## Exercise goal
Print the whole listing exactly as it appears, but skip the pictures.

BEGIN Available data

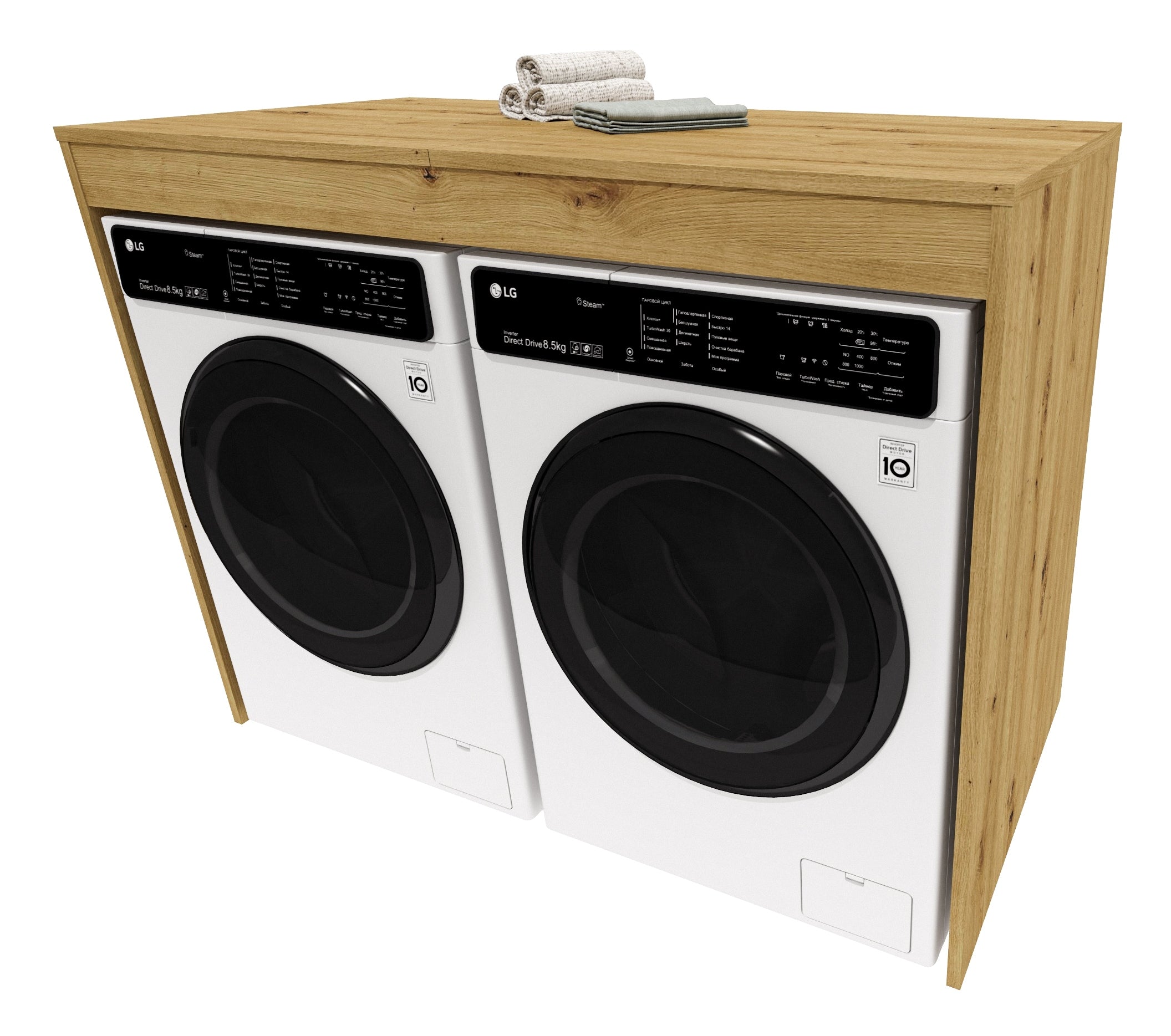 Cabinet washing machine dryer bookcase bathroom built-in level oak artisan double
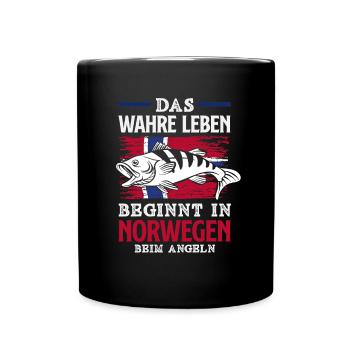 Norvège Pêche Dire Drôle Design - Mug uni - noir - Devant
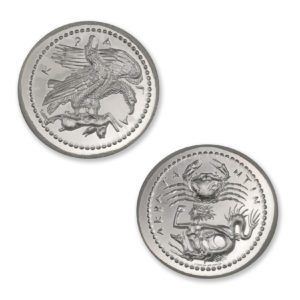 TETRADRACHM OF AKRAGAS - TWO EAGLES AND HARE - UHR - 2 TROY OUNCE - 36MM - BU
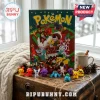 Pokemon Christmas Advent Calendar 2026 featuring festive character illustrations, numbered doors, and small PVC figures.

END Available data

## Written answer
 Cabinet washing machine dryer bookcase bathroom built-in level oak artisan double
 Norvège Pêche Dire Drôle Design - Mug uni - noir - Devant
 TETRADRACHM OF AKRAGAS - TWO EAGLES AND HARE - UHR - 2 TROY OUNCE - 36MM - BU
 Pokemon Christmas Advent Calendar 2026 featuring festive character illustrations, numbered doors, and small PVC figures.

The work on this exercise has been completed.